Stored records

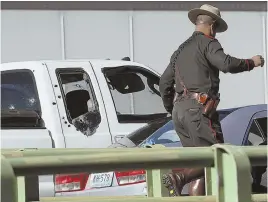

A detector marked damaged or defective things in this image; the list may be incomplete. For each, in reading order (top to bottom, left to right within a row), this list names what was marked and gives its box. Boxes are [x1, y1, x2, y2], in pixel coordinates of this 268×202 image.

shattered window [0, 69, 41, 113]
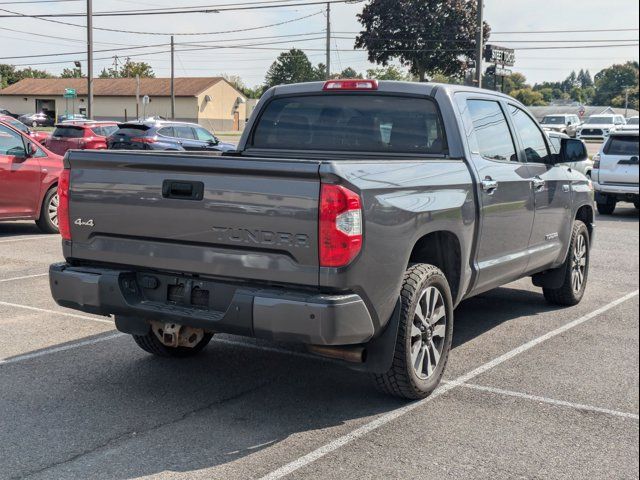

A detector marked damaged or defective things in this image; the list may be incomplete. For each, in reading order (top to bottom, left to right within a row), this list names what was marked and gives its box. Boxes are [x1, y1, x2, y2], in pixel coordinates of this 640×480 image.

pavement crack [15, 376, 278, 478]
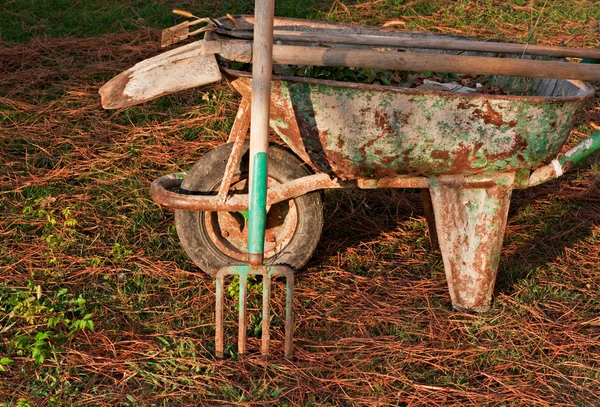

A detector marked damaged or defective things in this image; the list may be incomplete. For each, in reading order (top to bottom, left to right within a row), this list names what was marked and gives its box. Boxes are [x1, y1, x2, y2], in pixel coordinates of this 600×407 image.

rusty wheelbarrow [99, 14, 600, 356]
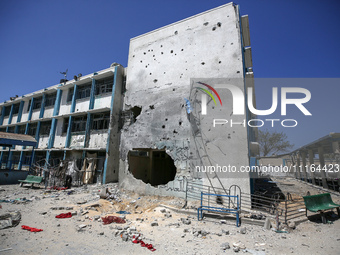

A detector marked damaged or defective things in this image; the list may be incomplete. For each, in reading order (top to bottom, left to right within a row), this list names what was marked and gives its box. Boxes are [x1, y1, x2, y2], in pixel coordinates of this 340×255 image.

broken window frame [91, 112, 110, 131]
damaged building facade [0, 2, 258, 195]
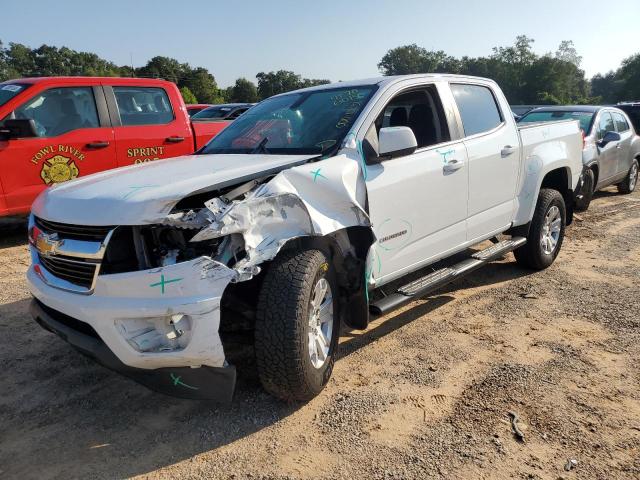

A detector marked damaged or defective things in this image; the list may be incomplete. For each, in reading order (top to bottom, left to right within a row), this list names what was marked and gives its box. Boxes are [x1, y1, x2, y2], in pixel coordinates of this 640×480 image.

crumpled hood [32, 153, 318, 226]
broken headlight area [101, 224, 246, 276]
damaged white truck [27, 75, 584, 404]
broken headlight area [115, 316, 191, 352]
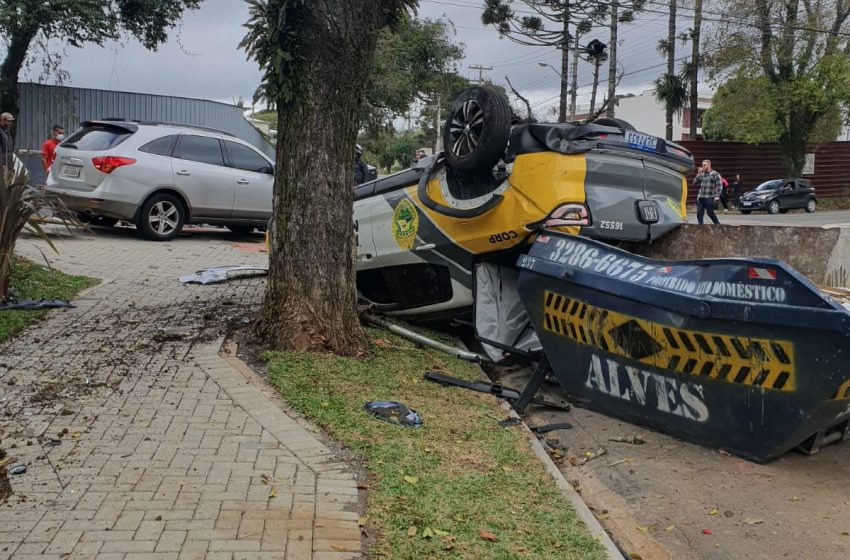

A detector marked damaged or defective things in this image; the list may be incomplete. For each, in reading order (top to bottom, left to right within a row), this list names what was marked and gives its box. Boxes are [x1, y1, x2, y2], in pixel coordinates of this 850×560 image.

exposed car tire [444, 85, 510, 172]
exposed car tire [137, 192, 184, 241]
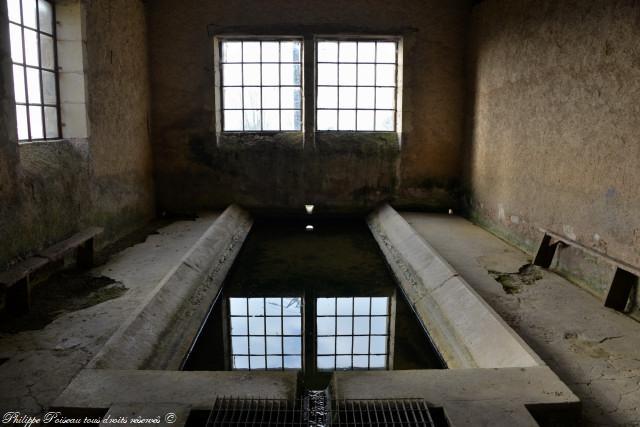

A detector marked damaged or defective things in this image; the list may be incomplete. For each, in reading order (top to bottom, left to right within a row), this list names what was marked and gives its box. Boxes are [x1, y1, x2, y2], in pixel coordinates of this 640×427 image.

cracked concrete floor [0, 216, 220, 416]
cracked concrete floor [404, 214, 640, 427]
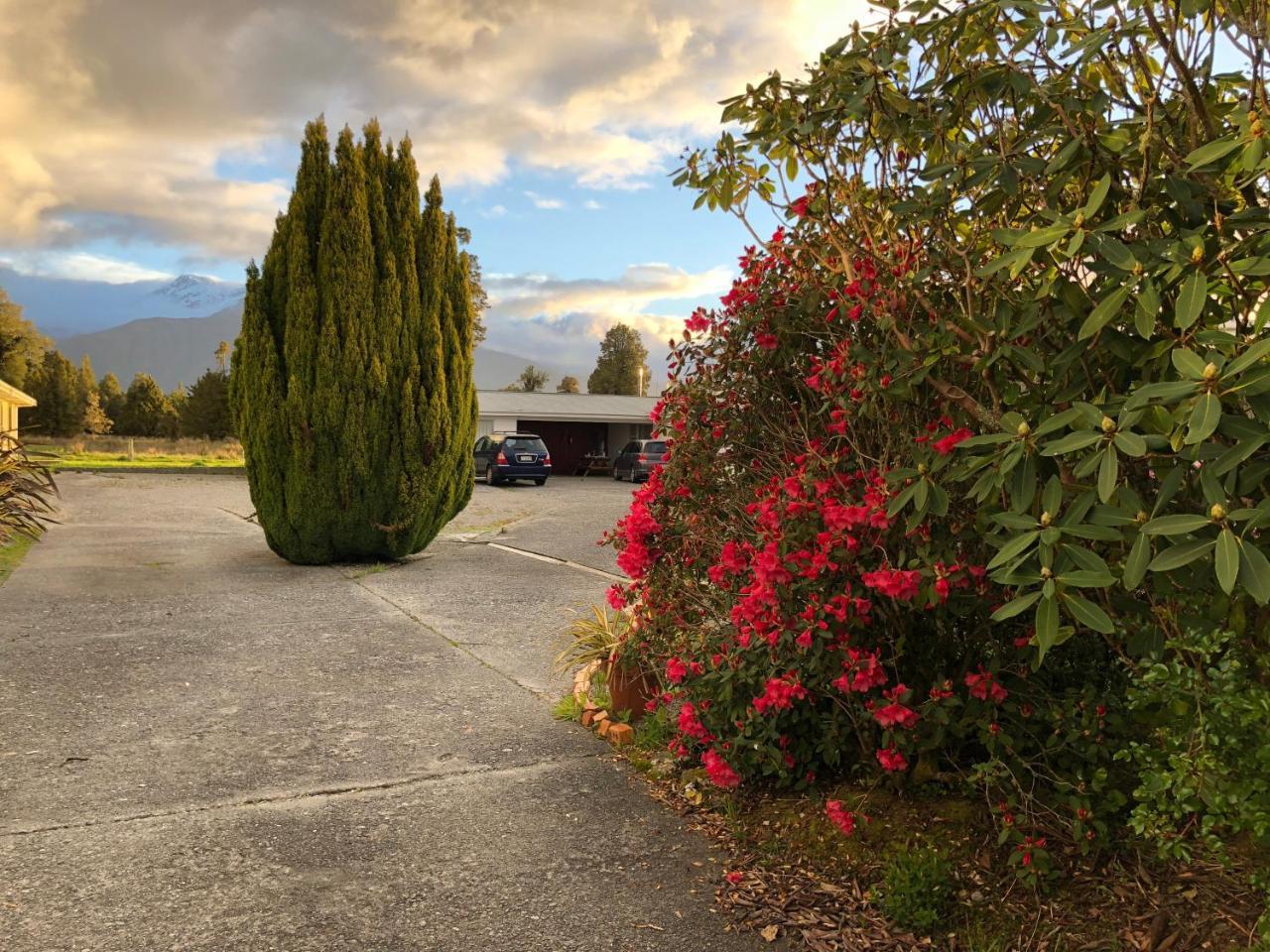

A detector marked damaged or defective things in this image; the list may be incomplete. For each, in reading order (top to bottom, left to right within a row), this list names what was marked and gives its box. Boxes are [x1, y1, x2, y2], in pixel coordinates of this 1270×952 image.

crack in concrete [0, 756, 596, 837]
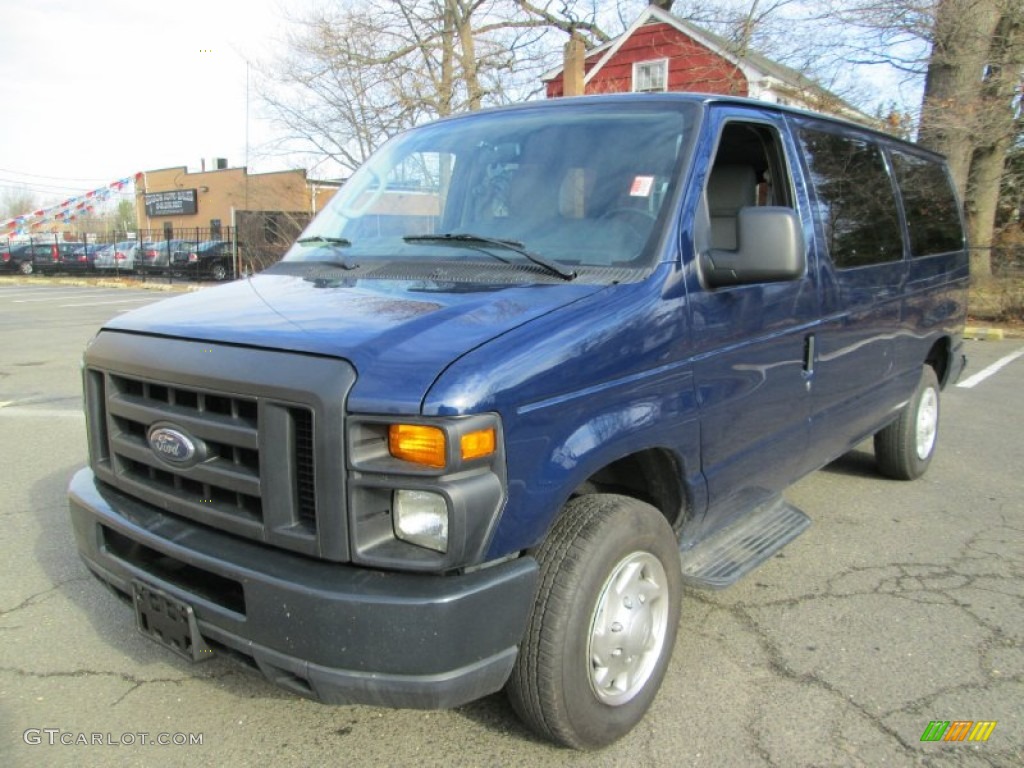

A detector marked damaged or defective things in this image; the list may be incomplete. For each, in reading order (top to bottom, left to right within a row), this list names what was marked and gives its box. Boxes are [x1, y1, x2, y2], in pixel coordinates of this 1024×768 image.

cracked asphalt [0, 284, 1020, 768]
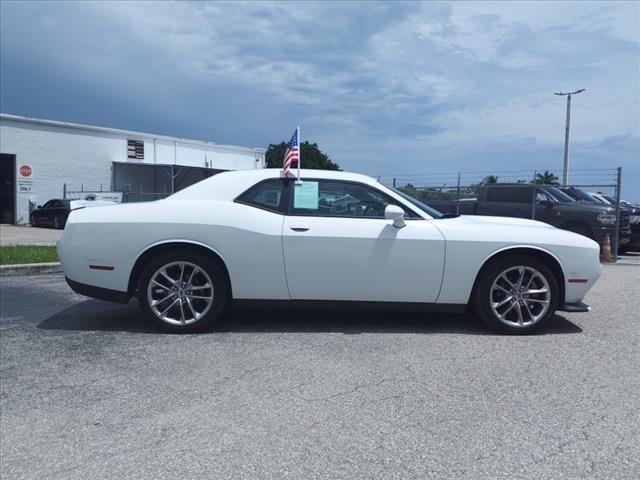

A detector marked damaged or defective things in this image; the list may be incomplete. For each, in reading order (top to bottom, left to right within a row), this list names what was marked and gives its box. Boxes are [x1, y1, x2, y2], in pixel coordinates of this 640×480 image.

cracked pavement [0, 262, 636, 480]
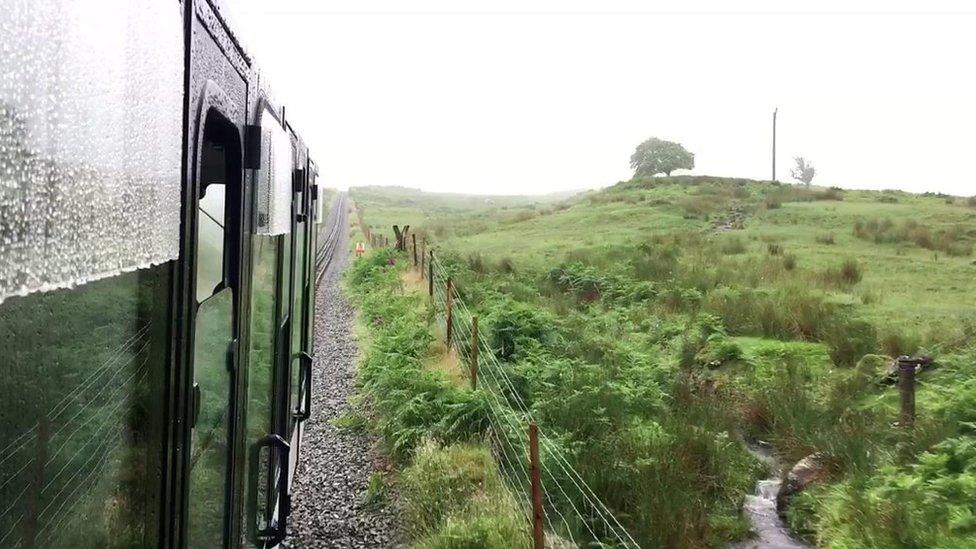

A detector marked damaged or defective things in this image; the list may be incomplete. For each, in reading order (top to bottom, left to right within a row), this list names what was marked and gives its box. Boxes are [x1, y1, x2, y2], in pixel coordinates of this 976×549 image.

rusty metal post [900, 356, 916, 428]
rusty metal post [528, 422, 544, 544]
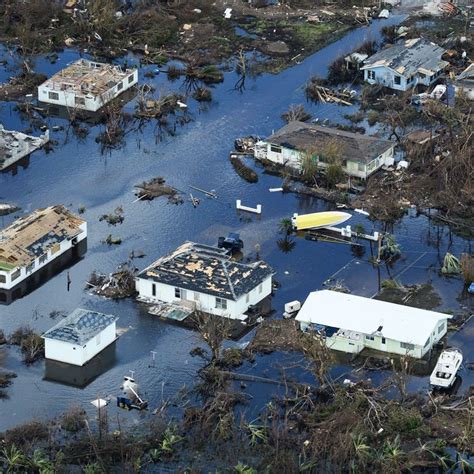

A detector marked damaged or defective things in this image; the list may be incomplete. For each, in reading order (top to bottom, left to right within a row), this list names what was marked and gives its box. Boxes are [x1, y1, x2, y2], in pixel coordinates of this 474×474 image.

damaged roof [39, 58, 135, 96]
torn roofing [362, 37, 448, 76]
damaged roof [362, 38, 448, 77]
damaged roof [262, 121, 392, 164]
torn roofing [262, 121, 392, 164]
damaged roof [0, 205, 84, 270]
torn roofing [137, 243, 274, 302]
damaged roof [139, 243, 274, 302]
damaged roof [42, 308, 117, 344]
torn roofing [42, 308, 117, 344]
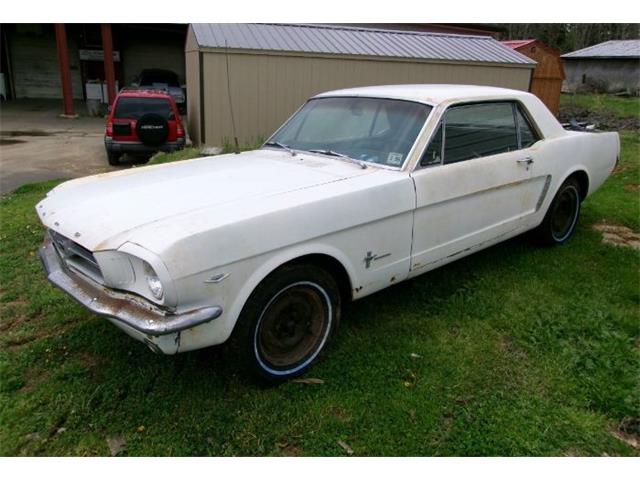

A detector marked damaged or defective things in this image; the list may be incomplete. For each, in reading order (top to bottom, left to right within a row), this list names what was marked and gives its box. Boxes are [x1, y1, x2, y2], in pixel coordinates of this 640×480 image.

rusted bumper [38, 236, 222, 338]
rusty wheel [235, 264, 342, 380]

#### TASK BRIEF
Nothing but the lines from the line containing "this 976×549 image." through the end of the records belongs in the answer, written out exactly, both ends included, without pictures.

#### SOLUTION TO THE PROBLEM
A detector marked damaged or defective things in this image; the list may be incomplete. For each, in reading order (top to bottom, left to right within a row), this list names what was marked and gives its box. Boxes are [x1, y1, x2, y2], in pixel coordinates of this 976×549 image.

rusty metal post [900, 356, 916, 428]
rusty metal post [528, 422, 544, 544]

A detector marked damaged or defective things in this image; the list may be incomplete. For each, in reading order (top to bottom, left to right within a row), this list names what was marked and gives its box. Boxes are [x1, y1, x2, y2], in pixel coordinates of this 474×474 image.

damaged roof [39, 58, 135, 96]
torn roofing [362, 37, 448, 76]
damaged roof [362, 38, 448, 77]
damaged roof [262, 121, 392, 164]
torn roofing [262, 121, 392, 164]
damaged roof [0, 205, 84, 270]
torn roofing [137, 243, 274, 302]
damaged roof [139, 243, 274, 302]
damaged roof [42, 308, 117, 344]
torn roofing [42, 308, 117, 344]

A detector marked damaged or defective things in this image; the list may be incomplete. For each, in reading order (top to bottom, left to right within a row), this list names what was marked and gives its box. Boxes are [x1, y1, x2, y2], in pixel coordinates of this 640×480 image.

rusted bumper [38, 236, 222, 338]
rusty wheel [235, 264, 342, 380]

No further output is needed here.